Jamsostek melakukan redefinisi model bisnis, memanfaatkan teknologi dan keuangan. Saat ini, telah dibangun 512 outlet jamsostek di seluruh kabupaten kota, pelayanannya bisa melalui banking dan ATM. Bahkan di daerah, ada motor dari bank mitra yang datang ke pasar/rumah tangga untuk mengambil iuran. Mobile phone-register melalui bayar pulsa dapat dimanfaatkan dalam hal ini. Metode ini sudah ada di Nigeria untuk mengatasi akses geografi yang jauh. Sementara, 170 juta nomor handphone di Indonesia, hal ini bisa dimanfaatkan. Bahkan jika perlu registrasi sektor informal bisa melalui mitra seperti: seven eleven, alfamart, carefour. Teknologi lain yang bisa ditempuh yaitu melalui e-money, kartu untuk menjadi peserta (BPJS Kesehatan), bisa daftar melalui ATM. Capture peserta melalui lembaga keuangan/penyedia teknologi. Misal: e-ktp atau ijin usaha, kepala daerah tingkat satu dan dua agar pekerja informal mendapat jaminan dari Jamsostek. Kartu jaminan sosial menjadi smart card untuk BPJS Kesehatan Tenaga Kerja, telekomunikasi ke bank dan lain-lain. Kartu tersebut bisa diberi loan, akses ke merchant.

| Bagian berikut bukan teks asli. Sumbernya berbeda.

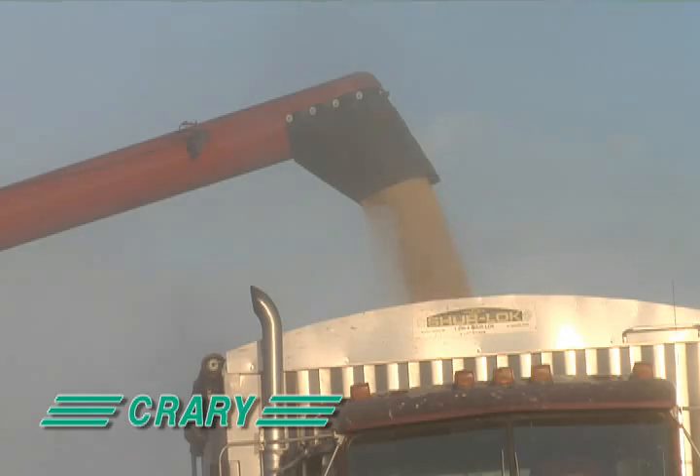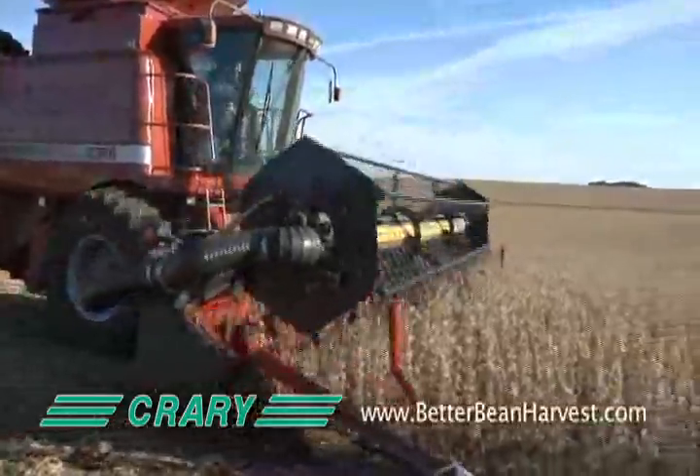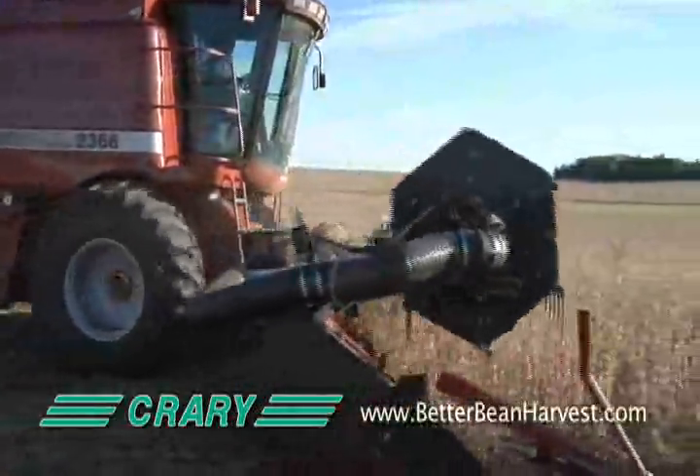In today's marketplace, maximizing your harvest is more valuable than ever. Improve the efficiency of your operation by adding a prairie air reel to your harvester today.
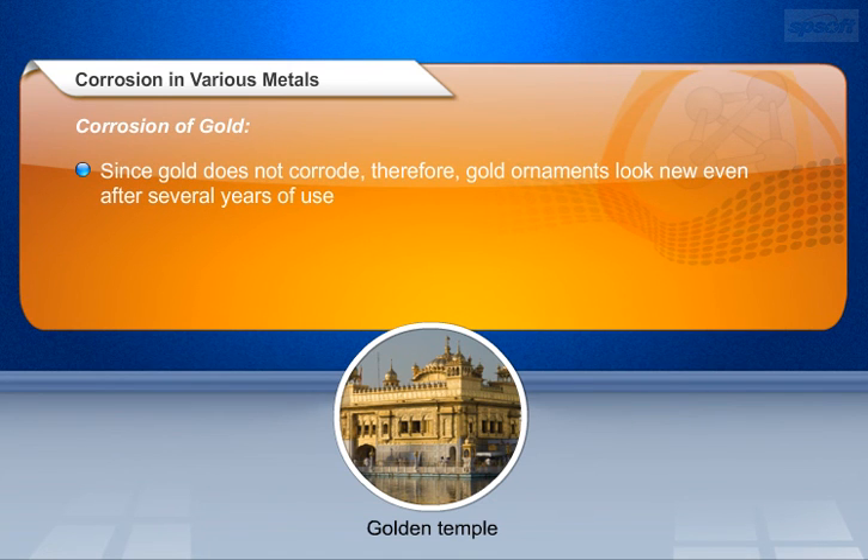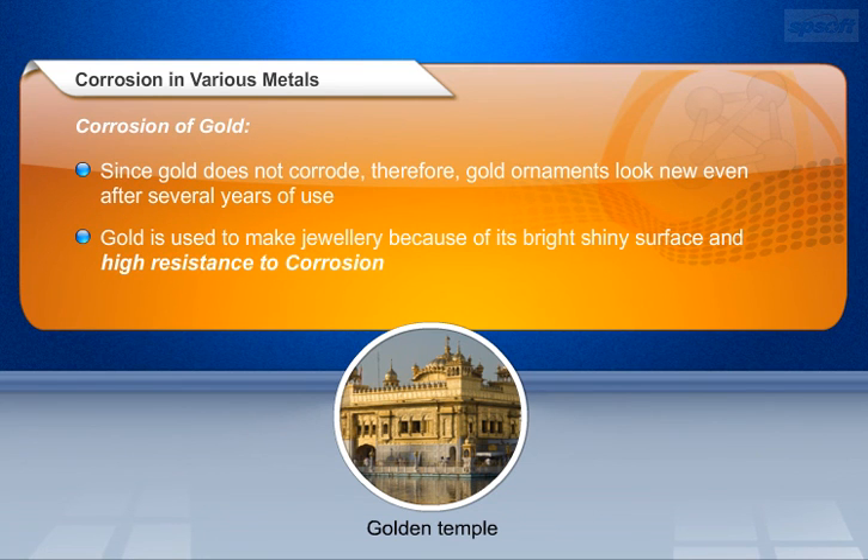Since gold does not corrode, gold ornaments look new even after several years of use. Gold is used to make jewellery because of its bright shiny surface and high resistance to corrosion.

Hanung Sugihantono-Pengalaman Purbalingga. Tembakau sirih alkohol pengeluaran dominan di Purbalingga. PBI per orang per bulan 19 ribu. Apakah perlu memikirkan orang yang tidak peduli pada kesehatan? Peserta Jamkes bisa dibagi menjadi dua, yaitu PBI dan non PBI. Penduduk miskin yang di-cover Jamkesmas. Perda Jateng di level Provinsi sudah berjalan 3 tahun MOU kabupaten kota. Tahun mendatang akan mengalami integrasi ke BPJS.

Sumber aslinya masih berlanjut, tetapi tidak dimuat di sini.